(RAW DATA)
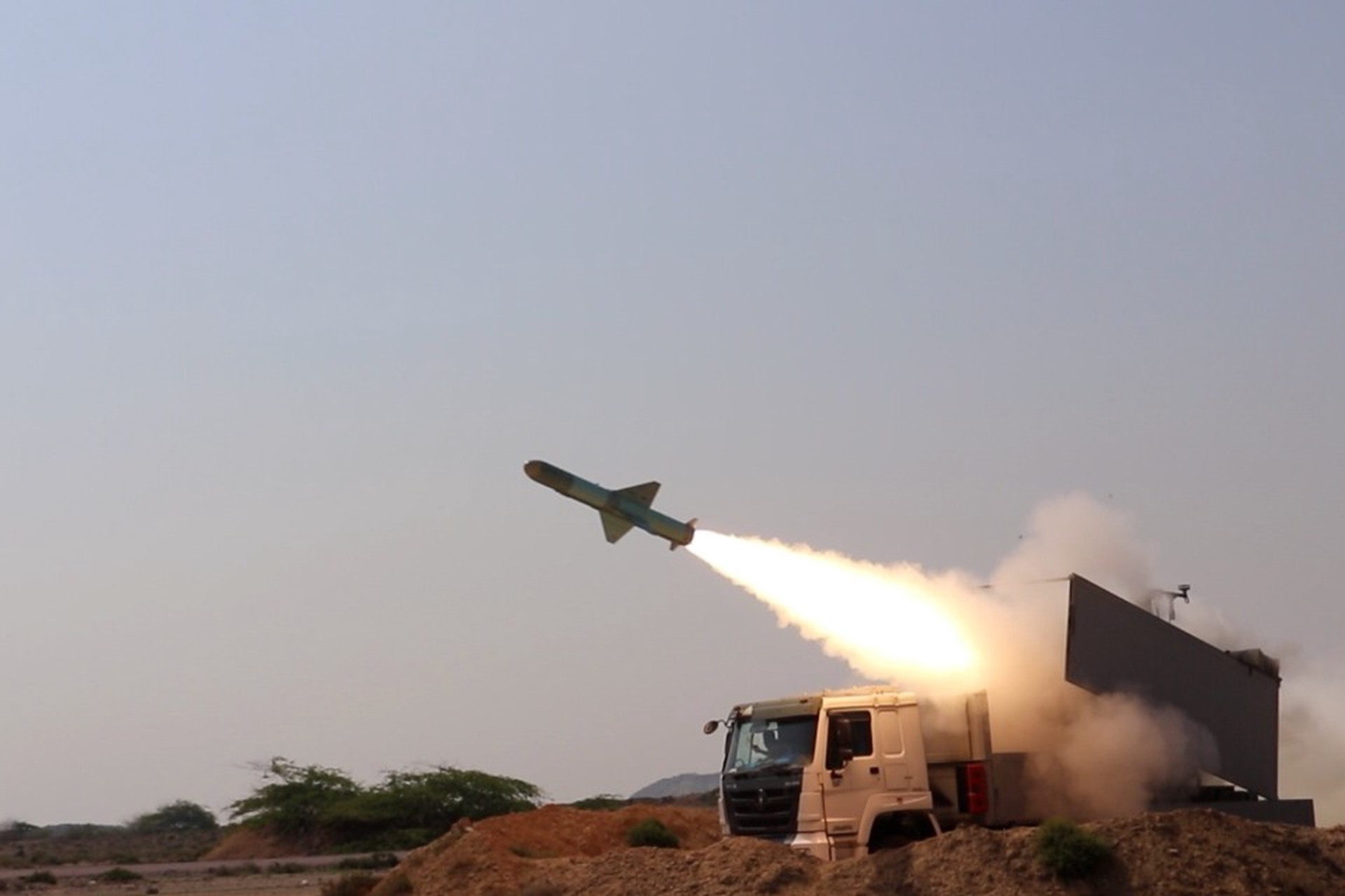 КСИР пригрозил ответом за приближение военных кораблей к Ормузу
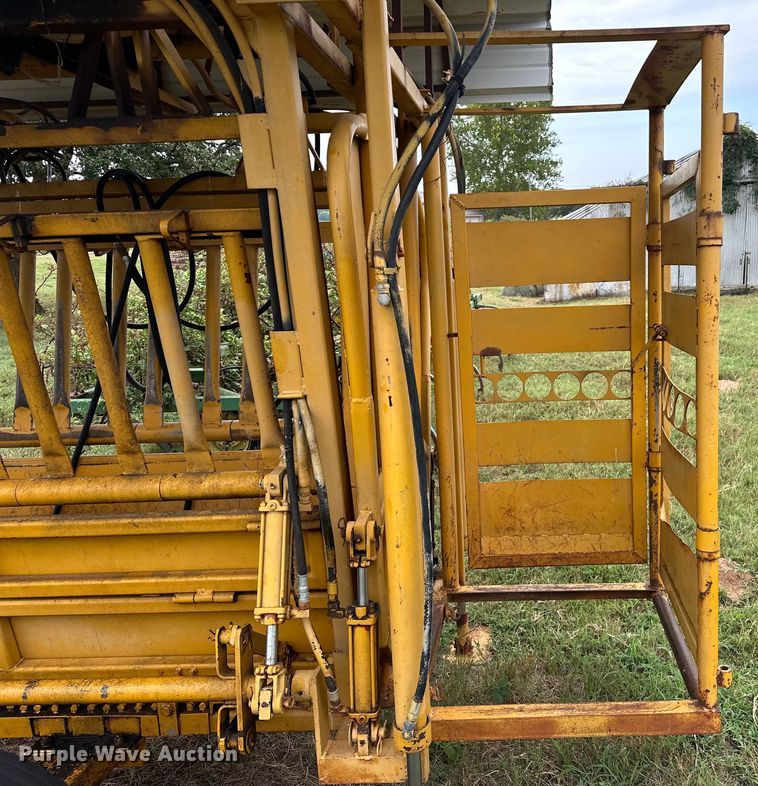 image for item EJ8878 Livestock chute 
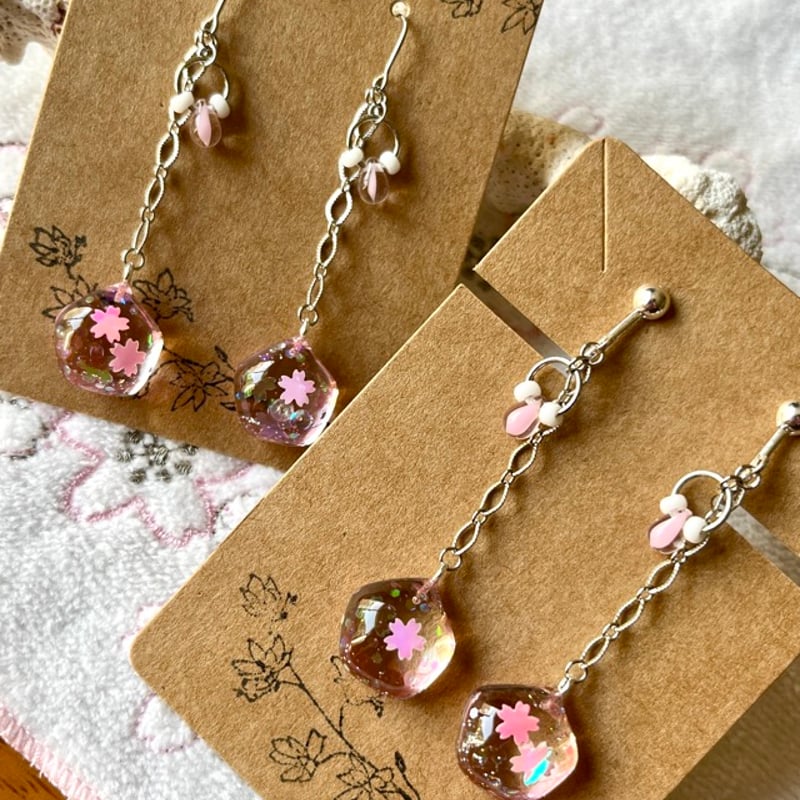 さくらゆらゆら🌸イヤリング／フックピアス | ぐーの手作り工房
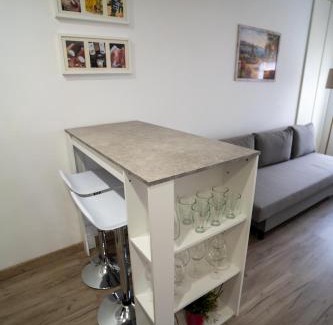Barajas Apartment | Cómodo piso cerca del Aeropuerto by beBalmy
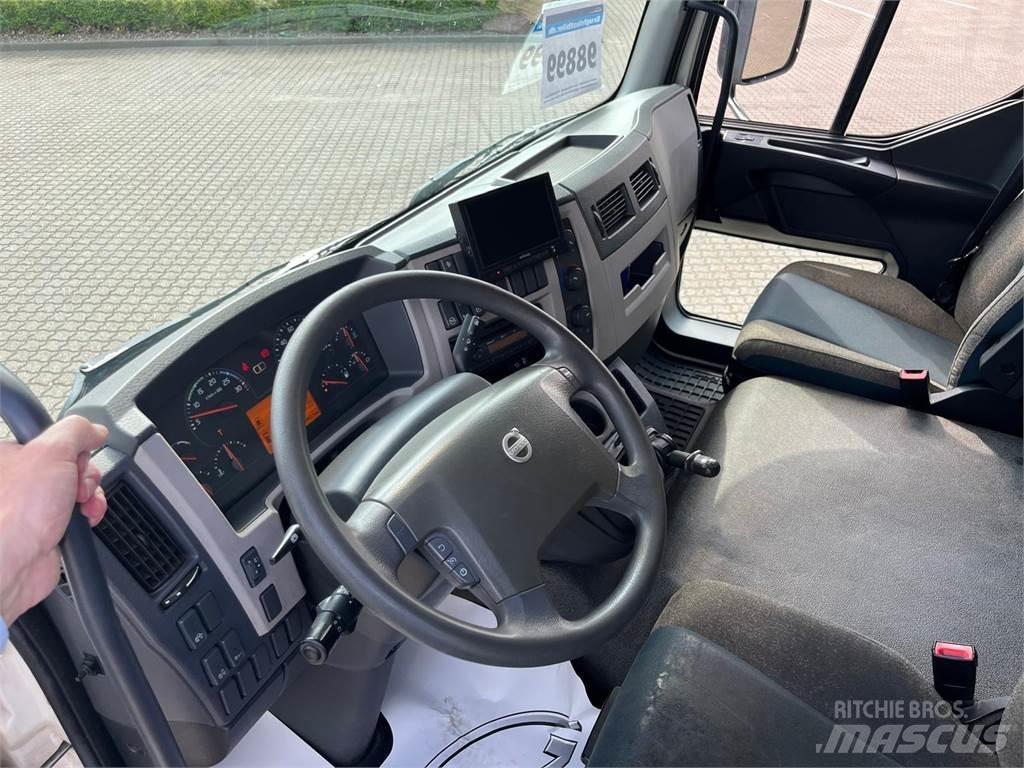 Volvo FL210 Грузовики-Фургоны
(End RAW DATA)
## TASK OBJECTIVE
Set every record down verbatim. No pictures belong in the copy.

## RESULT FOR THIS EXERCISE
 КСИР пригрозил ответом за приближение военных кораблей к Ормузу
 image for item EJ8878 Livestock chute 
 さくらゆらゆら🌸イヤリング／フックピアス | ぐーの手作り工房
Barajas Apartment | Cómodo piso cerca del Aeropuerto by beBalmy
 Volvo FL210 Грузовики-Фургоны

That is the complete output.